A cluster is a collection of git-annex repositories which are combined to
form a single logical repository.

A cluster is accessed via a gateway repository. The gateway is not itself
a node of the cluster.

[[!toc ]]

## using a cluster

To use a cluster, your repository needs to have its gateway configured as a
remote. Clusters can currently only be accessed via ssh. This gateway
remote is added the same as any other remote:

    git remote add bigserver me@bigserver:annex

The gateway publishes information about the cluster to the git-annex
branch. (See below for how that is configured.) So you may need to fetch
from it to learn about the cluster:

    git fetch bigserver

That will make available an additional remote for the cluster, eg
"bigserver-mycluster", as well as some remotes for each node eg
"bigserver-node1", "bigserver-node2", etc.

You can get files from the cluster without caring which node it comes
from:

    $ git-annex get foo --from bigserver-mycluster
    copy foo (from bigserver-mycluster...) ok

And you can send files to the cluster, without caring what nodes
they are stored to:

    $ git-annex move bar --to bigserver-mycluster
    move bar (to bigserver-mycluster...) ok

In fact, a single upload like that can be sent to every node of the cluster
at once, very efficiently.
    
    $ git-annex whereis bar
	whereis bar (3 copies)
	  	acae2ff6-6c1e-8bec-b8b9-397a3755f397 -- my cluster [bigserver-mycluster]
	   	9f514001-6dc0-4d83-9af3-c64c96626892 -- node 1 [bigserver-node1]
	   	d81e0b28-612e-4d73-a4e6-6dabbb03aba1 -- node 2 [bigserver-node2]
	    5657baca-2f11-11ef-ae1a-5b68c6321dd9 -- node 3 [bigserver-node3]

Notice that the file is shown as present in the cluster, as well as on
individual nodes. But the cluster itself does not count as a copy of the file,
so the 3 copies are the copies on individual nodes.

Most other git-annex commands that operate on repositories can also operate on
clusters.

A cluster is not a git repository, and so `git pull bigserver-mycluster`
will not work.

## configuring a cluster

A new cluster first needs to be initialized. Run [[git-annex-initcluster]] in
the repository that will serve as the cluster's gateway.
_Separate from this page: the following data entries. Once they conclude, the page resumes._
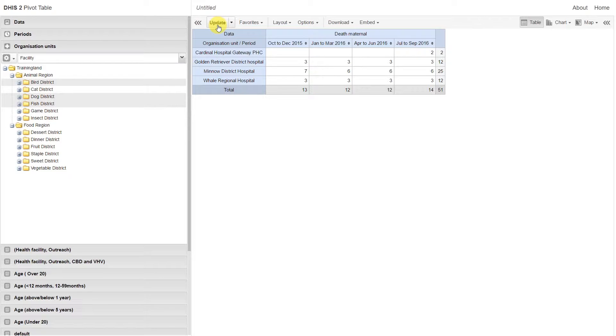Only a couple facilities appear because remember we have ticked the hide empty rows option. Let's remove that so we can make sure that all the facilities were selected.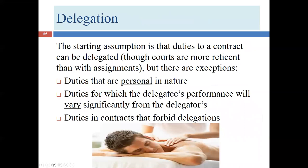Delegations are also pretty generally permitted, but not quite as broadly as assignments — courts are a little more reticent to enforce delegations. Here are some exceptions: one would be duties that are personal in nature.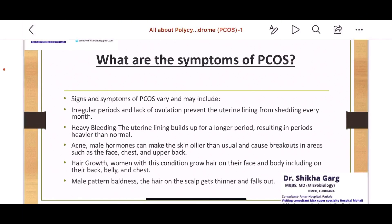The symptoms of PCOS may vary. There could be irregular periods, lack of ovulation, and heavy bleeding after irregular or missed periods. There could be acne, as male hormones can make the skin oilier — acne on the chest, face, and upper back. Hair growth in women not normally present, specifically on the face, back, belly, and chest. Male pattern baldness, though rarely seen, can also be present.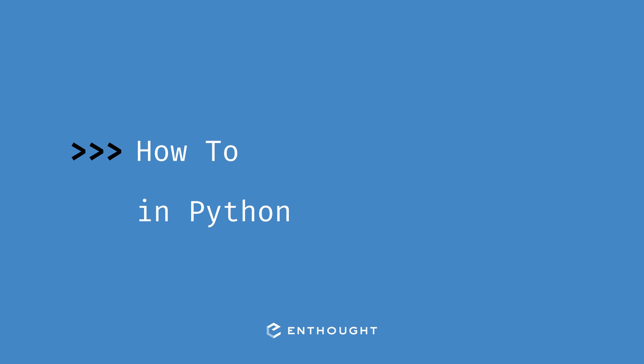In this video, we're going to see how we can get a key from a value in Python.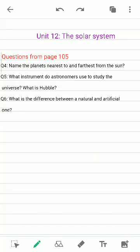Good morning students, I hope you all are doing great. Previously we were doing some question answers of Unit Number 12, the solar system. Now we'll be doing the exercise questions on page number 105. We have already done the first three questions, so we'll be moving on to the next.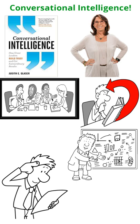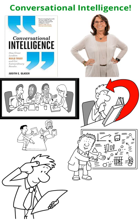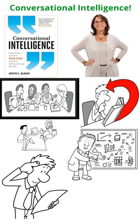Conversational intelligence makes complex scientific materials simple to understand and apply through a wealth of easy-to-use tools, examples, conversational rituals, and practices for all levels of an organization.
In the example above,
this was the "bigserver" repository.

	$ git-annex initcluster mycluster

Once a cluster is initialized, the next step is to add nodes to it.
To make a remote be a node of the cluster, configure 
`git config remote.name.annex-cluster-node`, setting it to the
name of the cluster.

In the example above, the three cluster nodes were configured like this:

	$ git remote add node1 /media/disk1/repo
	$ git remote add node2 /media/disk2/repo
	$ git remote add node3 /media/disk3/repo
	$ git config remote.node1.annex-cluster-node true
	$ git config remote.node2.annex-cluster-node true
	$ git config remote.node3.annex-cluster-node true

Finally, run `git-annex updatecluster` to record the cluster configuration
in the git-annex branch. That tells other repositories about the cluster.
	
	$ git-annex updatecluster mycluster
	Added node node1 to cluster: mycluster
	Added node node2 to cluster: mycluster
	Added node node3 to cluster: mycluster
	Started proxying for node1
	Started proxying for node2
	Started proxying for node3

Operations that affect multiple nodes of a cluster can often be sped up by
configuring annex.jobs in the repository that will serve the cluster to
clients. In the example above, the nodes are all disk bound, so operating
on more than one at a time will likely be faster.
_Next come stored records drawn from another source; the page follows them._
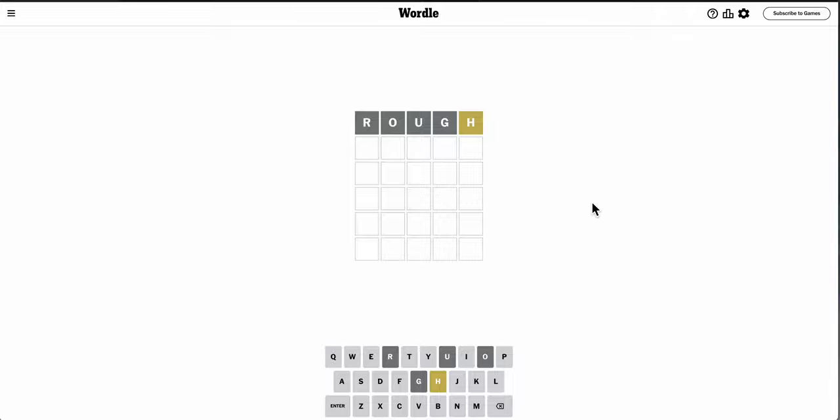And as I expected, no pun intended, I only get an H out of it. And I don't get much else. There's no R, so I can't say Harry.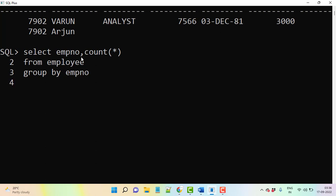Then how many times? Because if we have only one record guys then we cannot consider that as a duplicate. If it is there more than one record then only we can consider as a duplicate record. So that is the reason what we will do. We are going to use HAVING clause. Because why we are using HAVING clause? If we are not able to use any group functions or you can say aggregate functions in the WHERE clause, that is the reason we are using HAVING clause to pass group functions.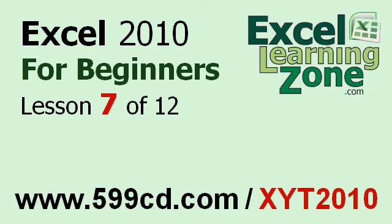This is the end of lesson seven. You can click on the link above in the video window to jump to lesson eight. Also, don't forget to subscribe and get notified when I release new free video tutorials. For more information on my Excel courses, visit my website at 599cd.com slash xyt2010.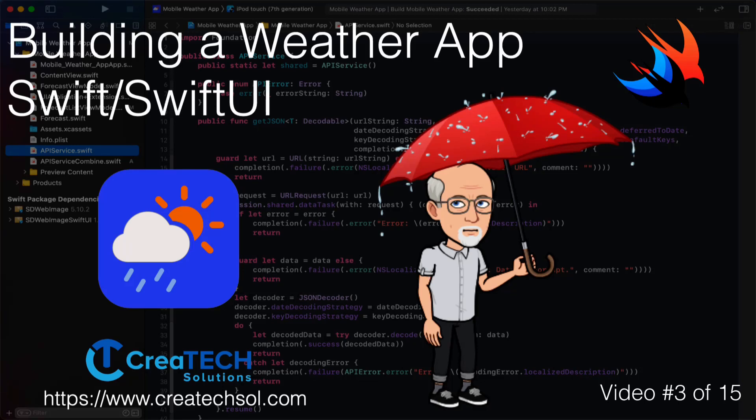Hi, my name is Stuart Lynch and this is the third of 15 videos in the mobile weather app series. A link to the app website is in the description below as well as links to the other 14 videos in this series.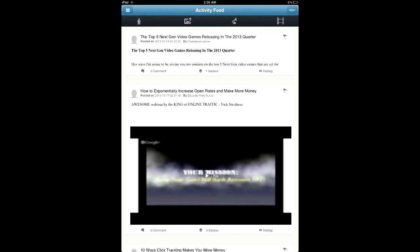So to start off, I'm going to take a look at the activity feed, which shows your posts that you created, and also posts that your team members and other members of your team has created. Up top is my first post, which was the top 5 next-gen video games releasing in the 2013 quarter.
    $ git config annex.jobs cpus

## preferred content of clusters

The preferred content of the cluster can be configured. This tells
users what files the cluster as a whole should contain.

To configure the preferred content of a cluster, as well as other related
things like [[groups|git-annex-group]] and [[required_content]], it's easiest
to do the configuration in a repository that has the cluster as a remote.

For example:

	$ git-annex wanted bigserver-mycluster standard
	$ git-annex group bigserver-mycluster archive

By default, when a file is uploaded to a cluster, it is stored on every node of
the cluster. To control which nodes to store to, the [[preferred_content]] of
each node can be configured.

It's also a good idea to configure the preferred content of the cluster's
gateway. To avoid files redundantly being stored on the gateway
(which remember, is not a node of the cluster), you might make it not want
any files:

    $ git-annex wanted bigserver nothing